For the purpose of illustration, we generate fake data from a Bernoulli distribution with probability of success \(p=0.2\) and use a conjugate Beta prior: in this case, the posterior distribution will be known exactly.

One of the most popular proposal for Metropolis–Hastings is a Gaussian random walk: the proposal is a normal kernel centered at the current value \(\theta^{\text{prop}} = \theta^{\text{curr}}+\tau Z\) where \(Z \sim \mathsf{No}(0, 1)\). Since the normal density is symmetric, the ratio in the second fraction of Equation 1 is 1. The percentage of moves that get accepted depends on the variance of the proposal, \(\tau^2\): if the latter is too small, the acceptance rate will be high but exploration will be slow, whereas if it is too large, most moves will be rejected. We can tune the variance term \(\tau^2\) to target an acceptance rate of about 0.48 in the univariate case and 0.234 for multivariate proposals Sherlock (2013). We can use the history of the Markov chain to tune this parameter by multiplying \(\tau\) by a positive constant larger (respectively smaller) if the acceptance rate is too high (too low). To satisfy diminishing adaptation, we only adapt during the burn-in period, which consists of the initial steps of the MCMC for which the history of the chain isn’t saved. This period is meant to ensure convergence to the stationary distribution.

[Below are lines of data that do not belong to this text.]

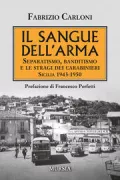 Copertina libro <b>Il sangue dell'Arma</b>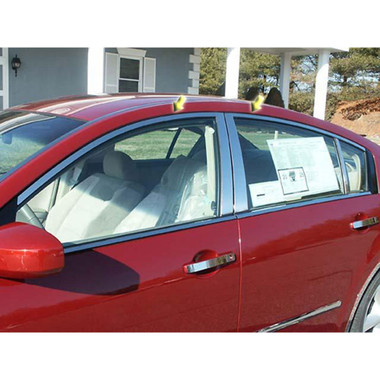 Luxury FX | Window Trim | 04-08 Nissan Maxima | LUXFX2845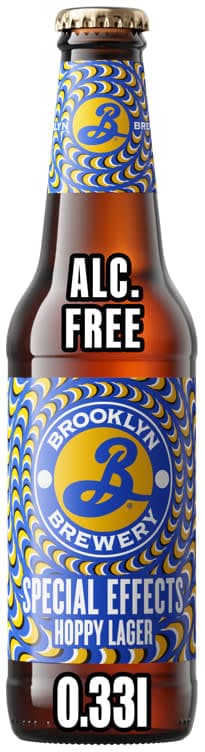 Brooklyn Special Effects 0,33l flaske 330 ml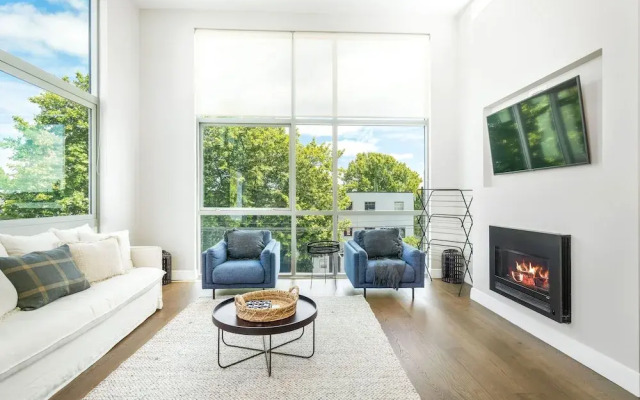 The Carlton Apartments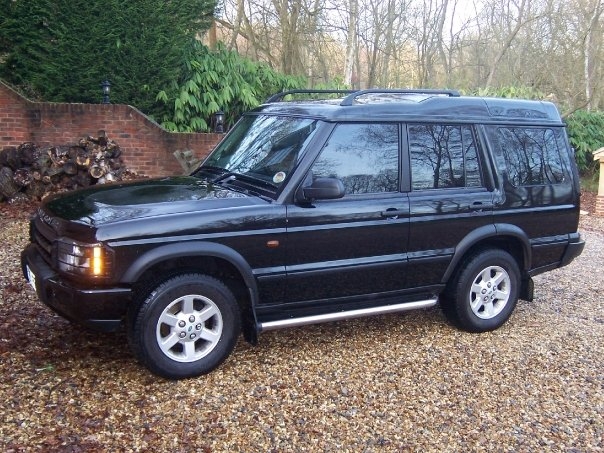 2004 Land Rover Discovery - Pictures - CarGurus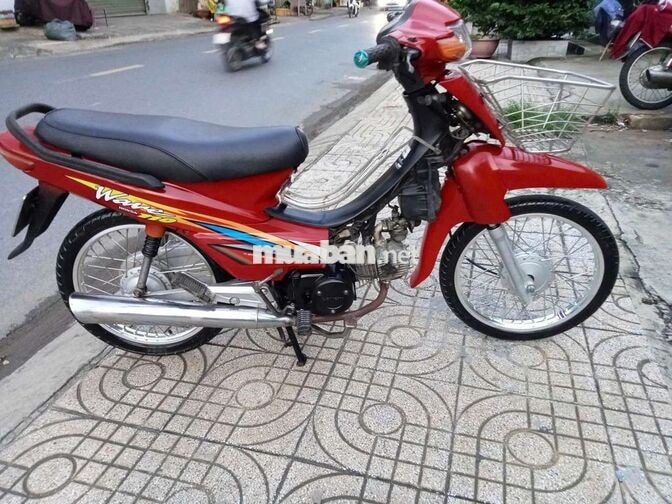 Wave 110 úp Thái yêm mạnh bao đi thuốc kéo ngọt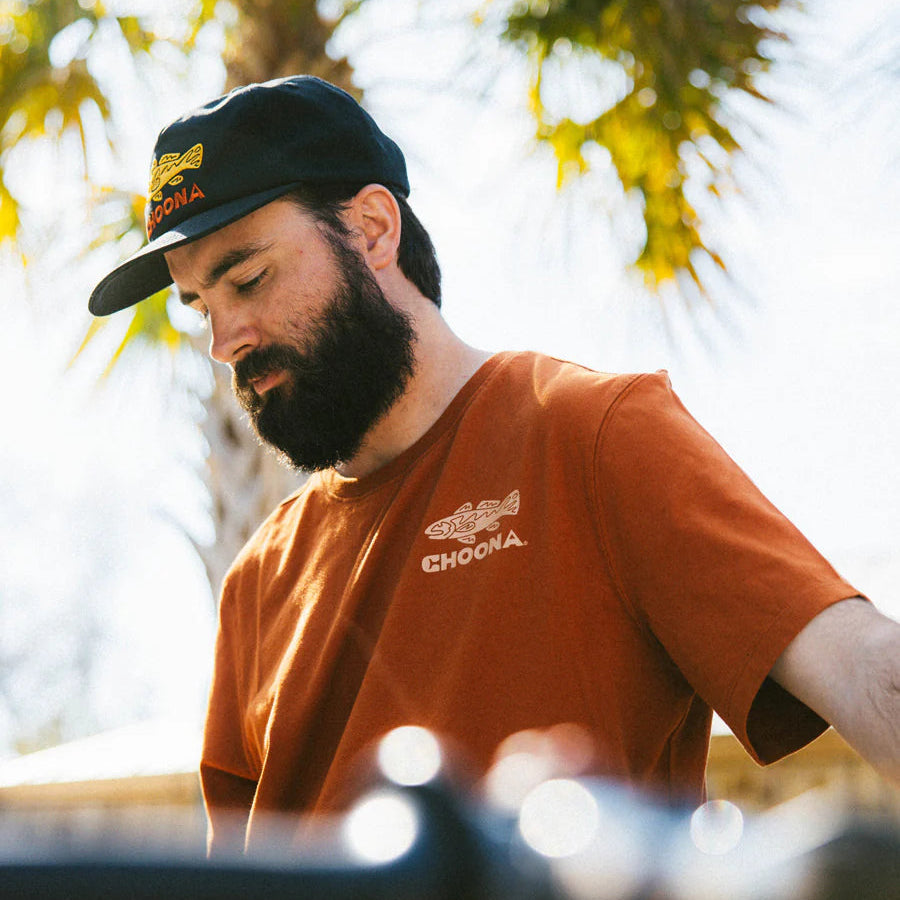 CHOONA - REDFISH GRAPHIC TEE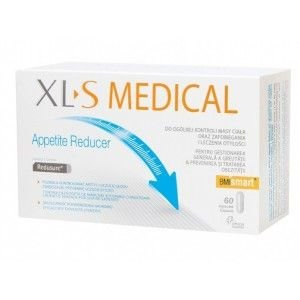 XL-S MEDICAL APPETITE REDUCER 60 tabletek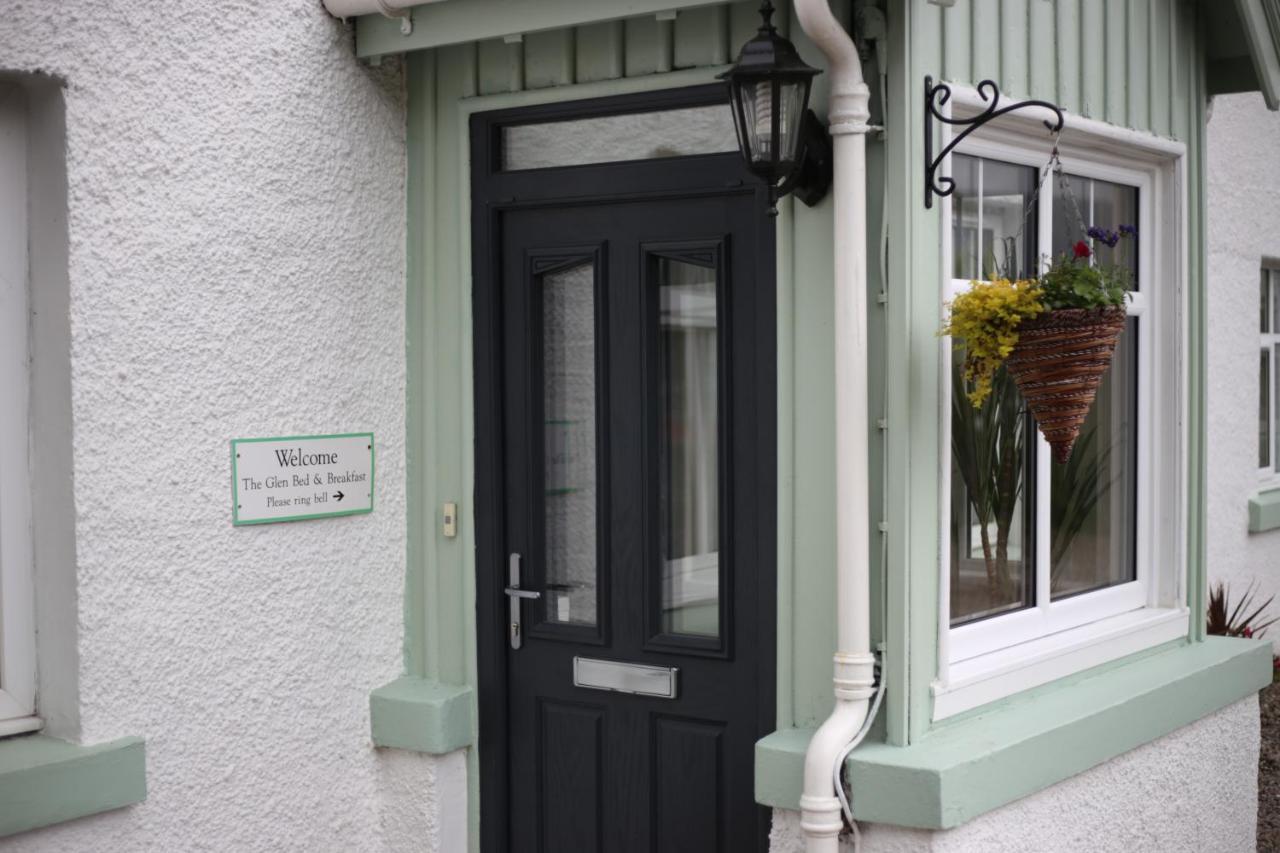 The Glen Bed And Breakfast Drumnadrochit Dış mekan fotoğraf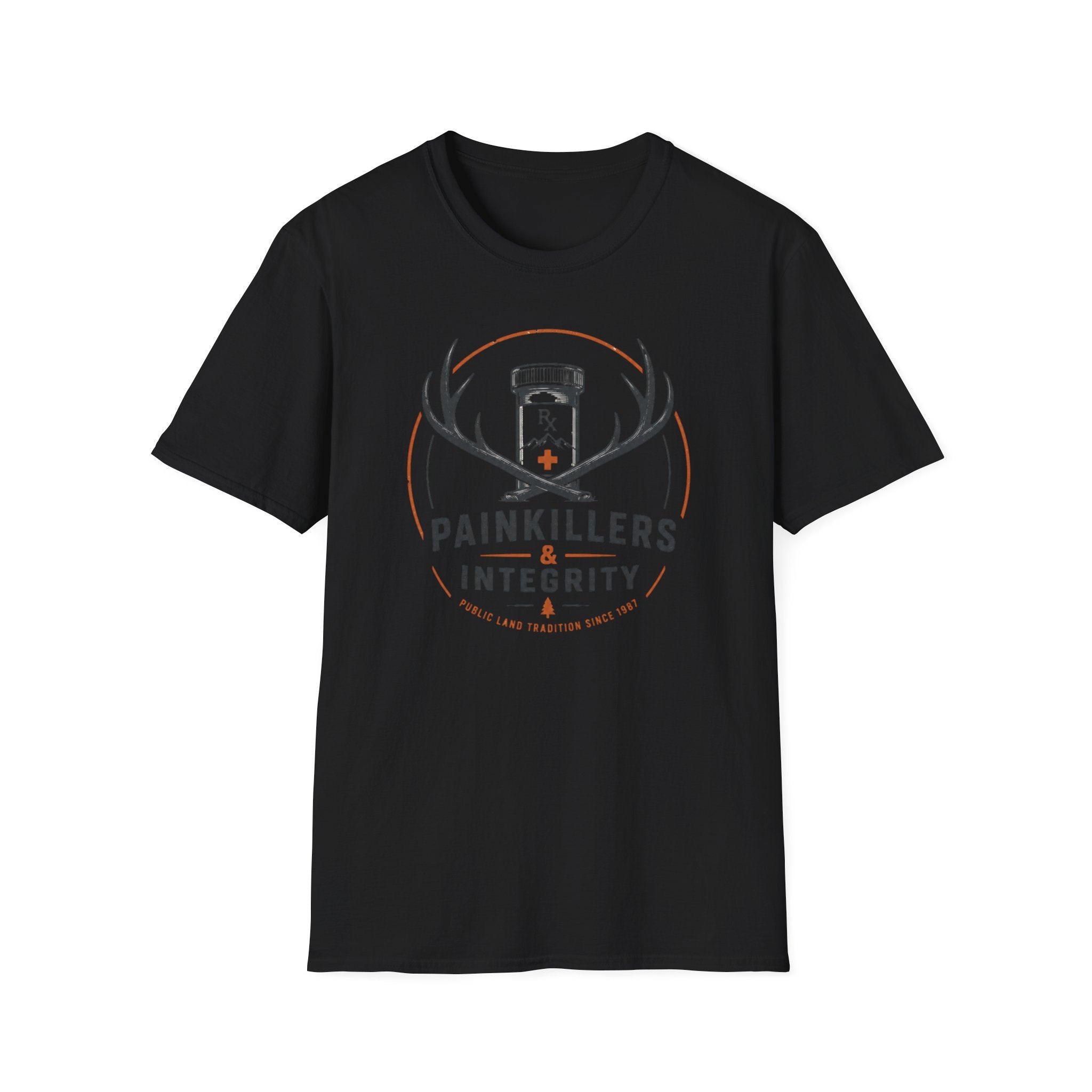 Painkillers & Integrity T‑Shirt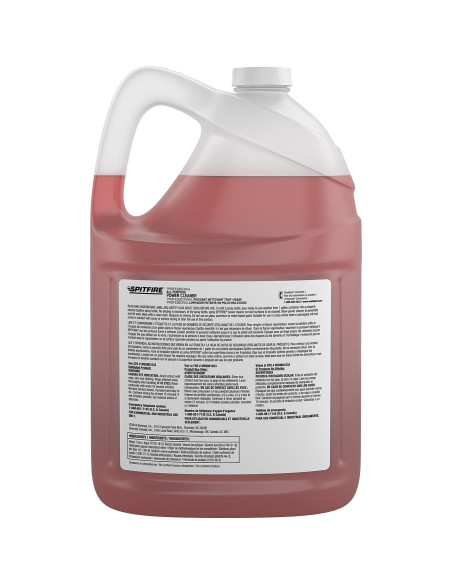 Limpiador Multiusos Diversey Spitfire 1 Galón Spray 3.79 Kg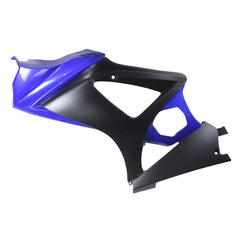 Blue Black Side Fairing For Suzuki GSXR1000 K7 2007-2008 - Image 2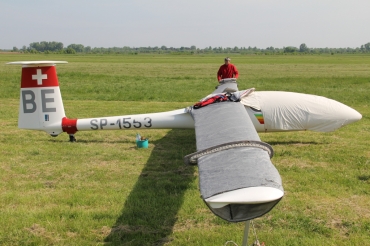 SP-1553 PZL SZD-48 Janta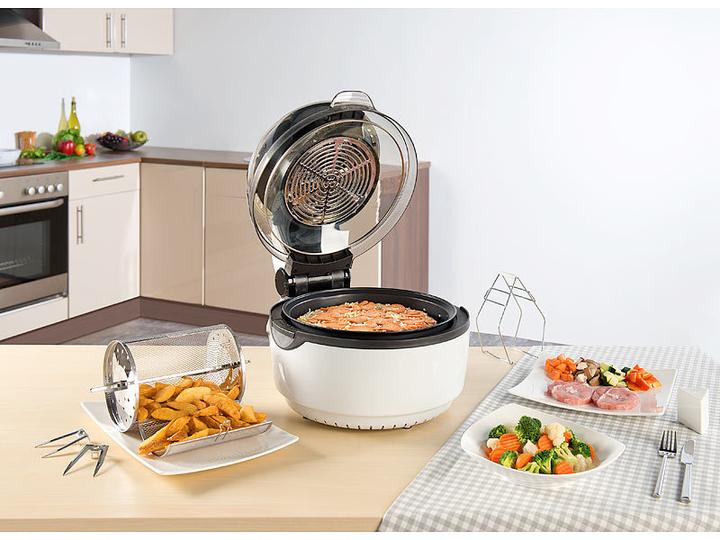Immagine prodotto Rosenstein & Söhne Forno a convezione digitale alogeno, 6 programmi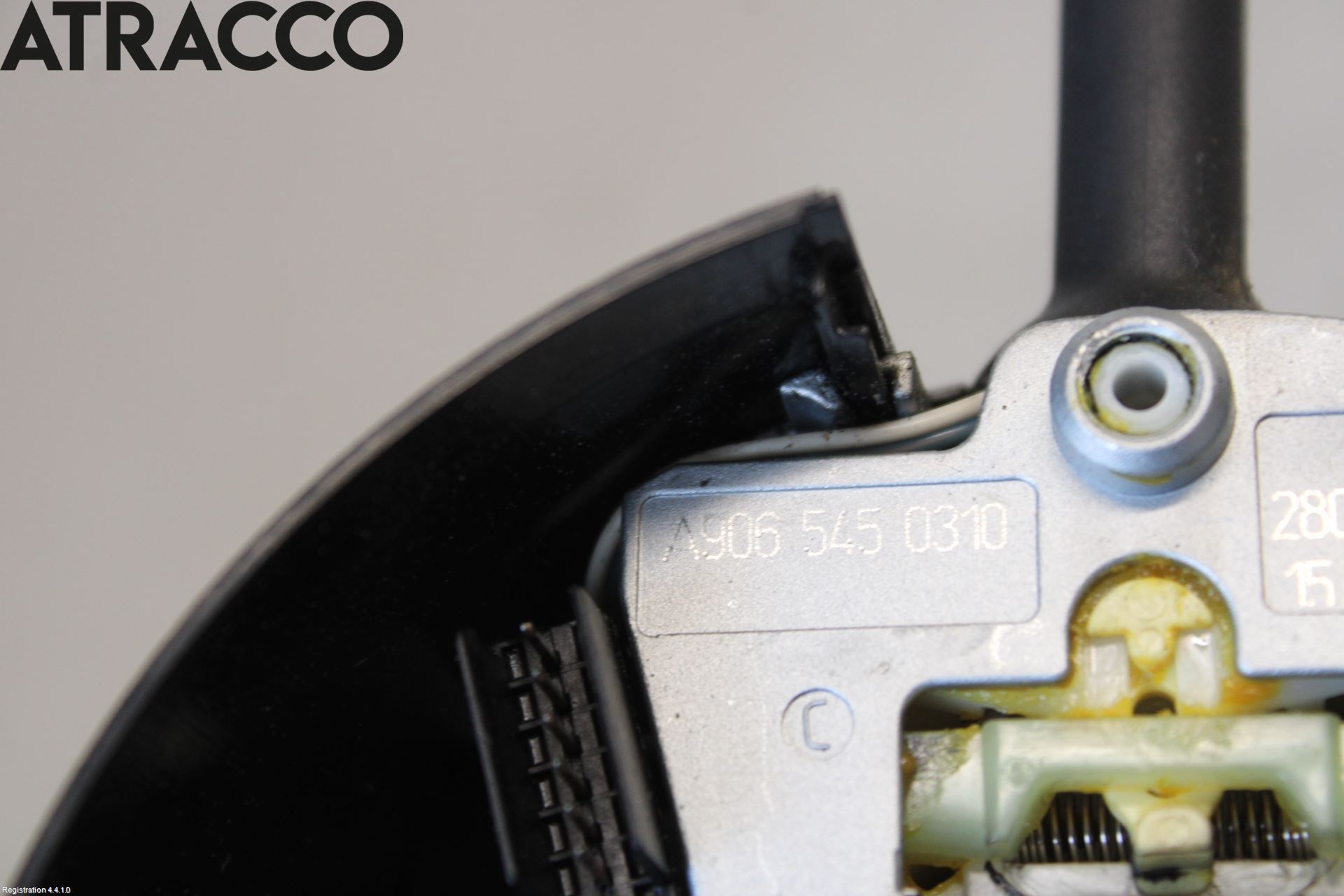 Mercedes-Benz MB SPRINTER (W906) 06-18 Bryter Ratt Lys - Spyler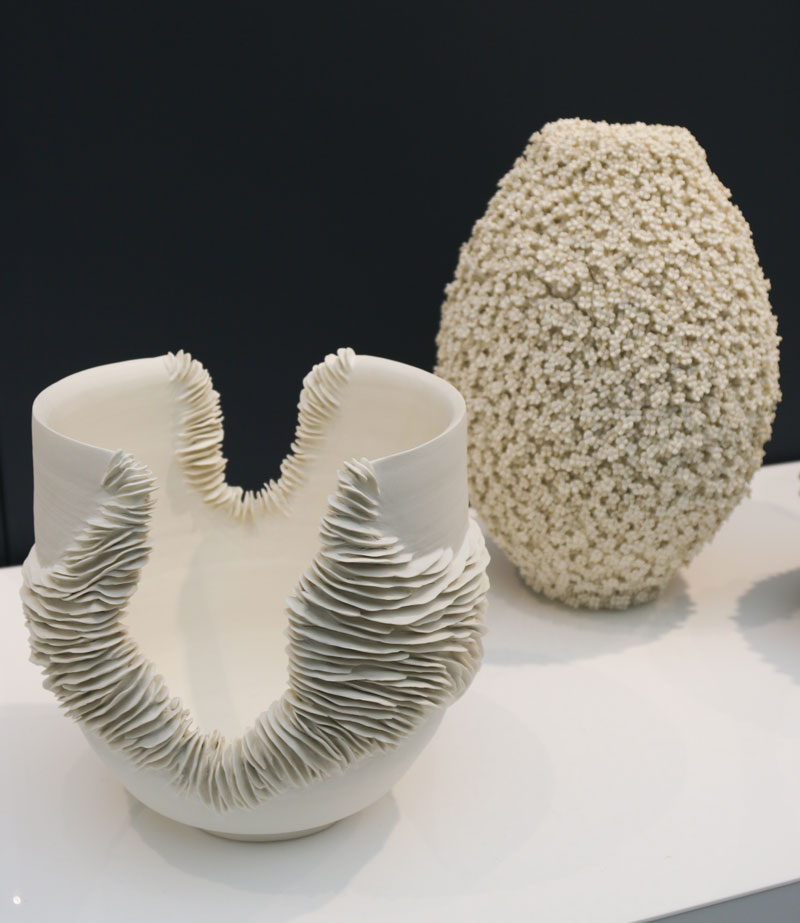 Vanessa Hogge and Olivia Walker -Vessel Gallery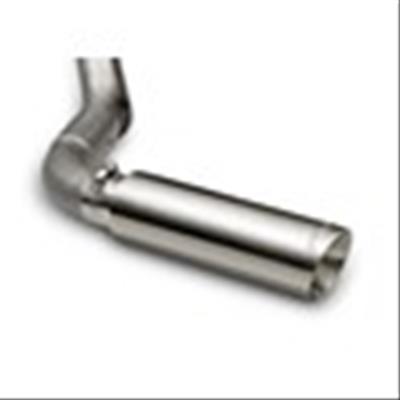 Flowmaster American Thunder Exhaust Systems 818158 Exhaust, Thunder, Cat-Back, Stainless Steel, Polished Stainless Tips, Ford, 2.3L, Kit thumbnail 8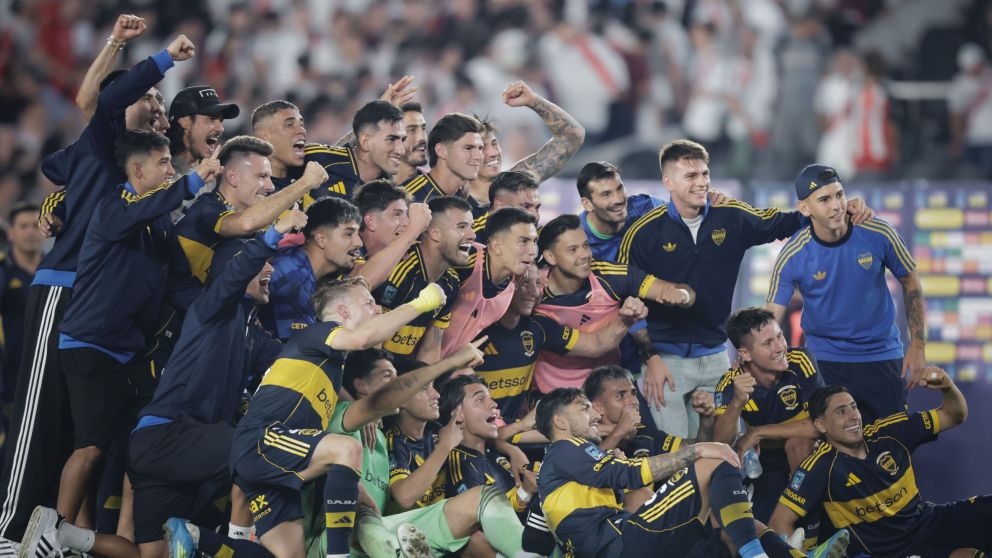 La victoria de Boca dejó repercusiones en todo el mundo.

To check that the algorithm is well-defined, we can remove the log likelihood component and run the algorithm: if it is well implemented, the resulting draws should be drawn from the prior (Green 1995).

par_cont <- numeric(B)
acceptance <- 0 # number of moves accepted
attempts <- 0 # number of proposals
par_cur <- runif(1)  # initial value for the parameter
sd_prop <- 0.45 # std. dev of proposal
for(i in seq_len(B + burnin)){
  ind <- pmax(1, i - burnin) # store values, then restart the counter
  # Run random walk
  par_cont[ind] <- univariate_rw_update(
    par_curr = par_cur, # current value of the parameter
    par_name = "p", # name of the variable 
    loglik = loglik, # log-likelihood function
    logprior = logprior, # log prior function
    sd_prop = sd_prop, 
    data = data) # additional arguments passed to the function
  if(par_cont[ind] != par_cur){
   acceptance <- acceptance + 1L #increment counter if move is accepted
  }
  attempts <- attempts + 1L
  # Save current value
  par_cont[ind] -> par_cur
  if(i %% 100 & i < burnin){
     # Adapt proposal every 100 iterations
    out <- adaptive(attempts = attempts, 
                    acceptance = acceptance, 
                    sd.p = sd_prop,
                    target = 0.44)
    # The function may return the values, or else change counters
    # We copy these
    sd_prop <- out$sd
    acceptance <- out$acc
    attempts <- out$att
  }
}
# Plot the Markov chain and the correlogram
par(mfrow = c(1,2))
plot(par_cont, type = "l", ylab = "p")
abline(h = mean(par_cont), col = 2)
acf(par_cont, main = "")
coda::effectiveSize(par_cont)/B

 var1 
0.201

While the acceptance rate is seemingly in line with our expectations, the fact that the probability of success \(p\) lies in the unit interval may lead to many proposals being discarded if we are very close to the origin, as any negative value of \(p\) leads to zero likelihood. The effective sample size is 15% of \(B\) replications.

Bounded parameters

Parameter transformation: If the parameter is bounded in the interval \((a,b)\), where \(-\infty \leq a < b \leq \infty\), we can consider a bijective transformation \(\vartheta \equiv t(\theta): (a,b) \to \mathbb{R}\) with differentiable inverse. The log density of the transformed variable, assuming it exists, is \[\begin{align*} f_\vartheta(\vartheta) = f_{\theta}\{t^{-1}(\vartheta)\} \left| \frac{\mathrm{d}}{\mathrm{d} \vartheta} t^{-1}(\vartheta)\right| \end{align*}\] Section 52 of the STAN reference manual (Stan Development Team 2018) details the use of the following transformations for finite \(a, b\) in the software:

if \(\theta \in (a, \infty)\) (lower bound only), then \(\vartheta = \log(\theta-a)\) and \(f_{\vartheta}(\vartheta)=f_{\theta}\{\exp(\vartheta) + a\}\cdot \exp(\vartheta)\)
if \(\theta \in (-\infty, b)\) (upper bound only), then \(\vartheta = \log(b-\theta)\) and \(f_{\vartheta}(\vartheta)=f_{\theta}\{b-\exp(\vartheta)\}\cdot \exp(\vartheta)\)
if \(\theta \in (a, b)\) (both lower and upper bound), then \(\vartheta = \mathrm{logit}\{(\theta-a)/(b-a)\}\) and \(f_{\vartheta}(\vartheta)=f_{\theta}\{a+(b-a) \mathrm{expit}(\vartheta)\}\cdot (b-a)\cdot \mathrm{expit}(\vartheta)\cdot\{1-\mathrm{expit}(\vartheta)\}\)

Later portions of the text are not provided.